Only the lines in the entries below from the line with "Keutschach am See" to the line with "Used 2024 Ford", both included, belong in the answer, transcribed exactly and without pictures.

Start of SUPPLIED DATA

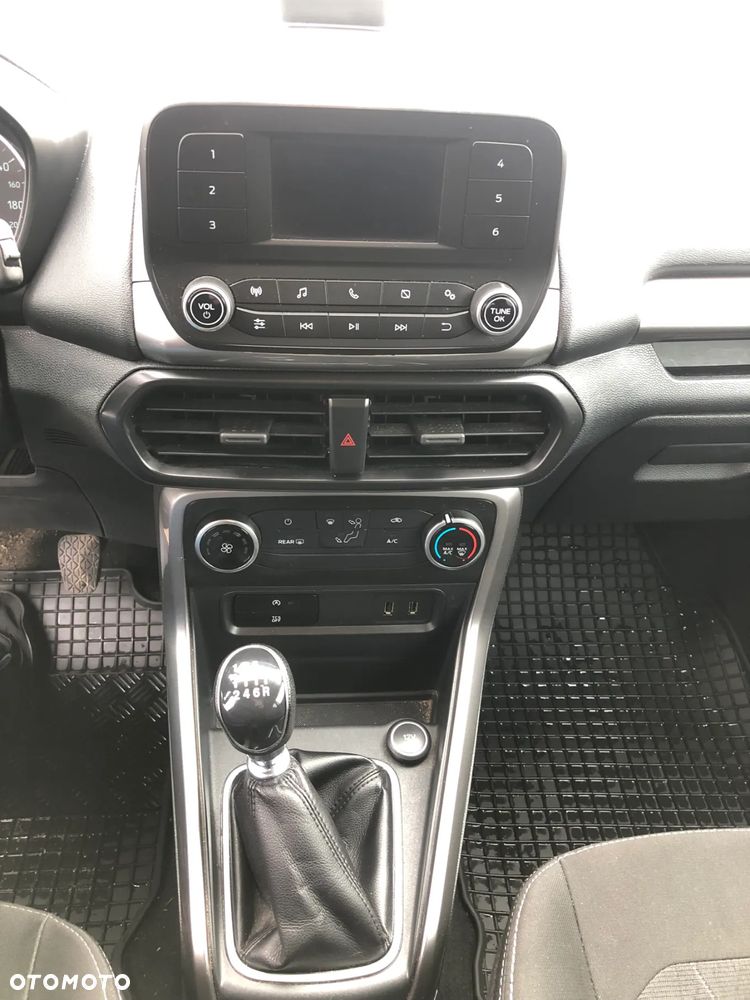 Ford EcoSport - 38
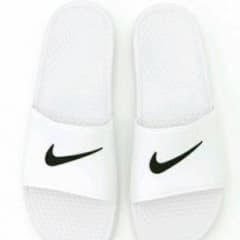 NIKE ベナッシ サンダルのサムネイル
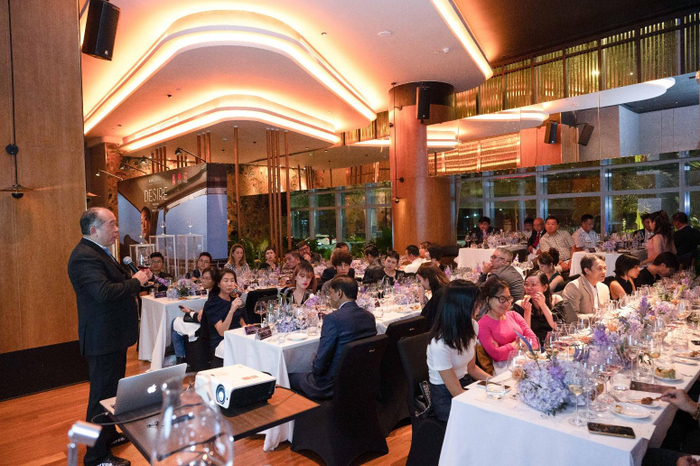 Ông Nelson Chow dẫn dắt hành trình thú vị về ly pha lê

End of SUPPLIED DATA
Start of SUPPLIED DATA

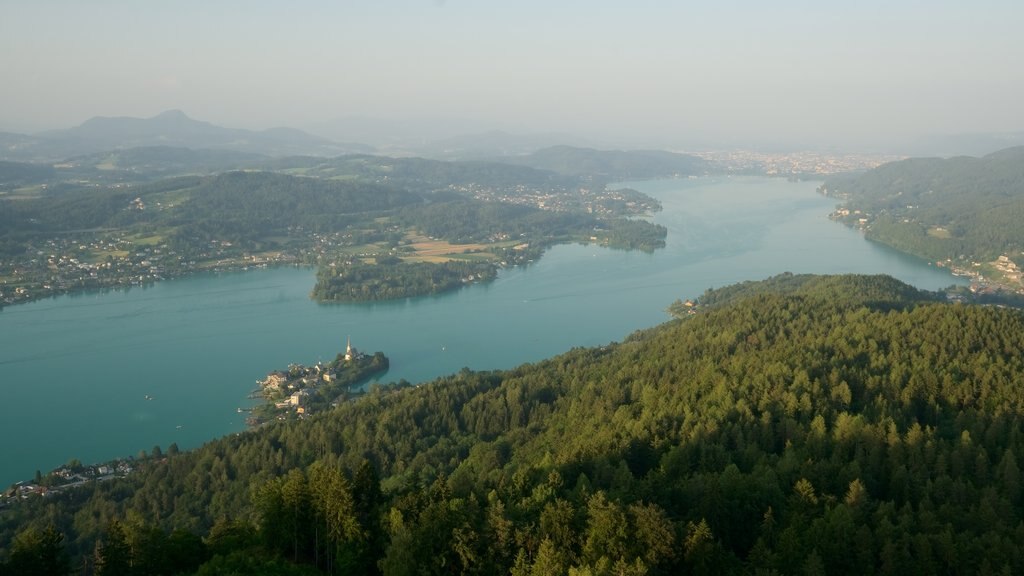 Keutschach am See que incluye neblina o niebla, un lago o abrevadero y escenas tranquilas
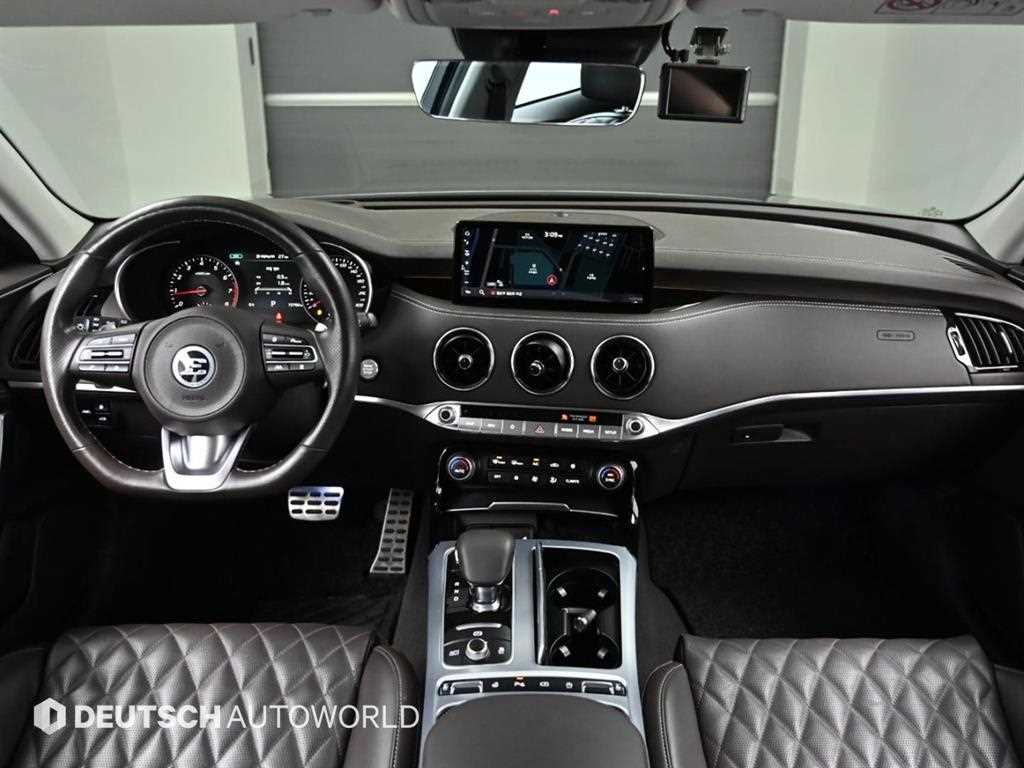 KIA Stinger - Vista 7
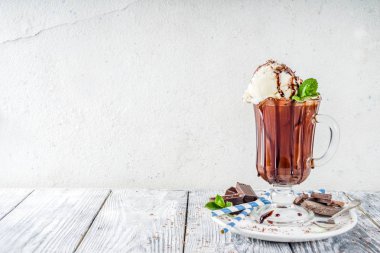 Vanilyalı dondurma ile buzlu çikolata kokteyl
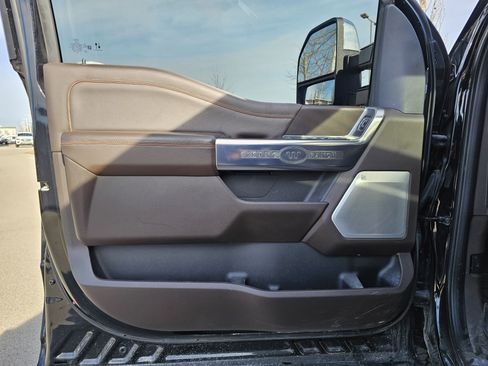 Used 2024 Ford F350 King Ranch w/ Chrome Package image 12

End of SUPPLIED DATA

→ **RESULT**
 Keutschach am See que incluye neblina o niebla, un lago o abrevadero y escenas tranquilas
 KIA Stinger - Vista 7
 Vanilyalı dondurma ile buzlu çikolata kokteyl
 Used 2024 Ford F350 King Ranch w/ Chrome Package image 12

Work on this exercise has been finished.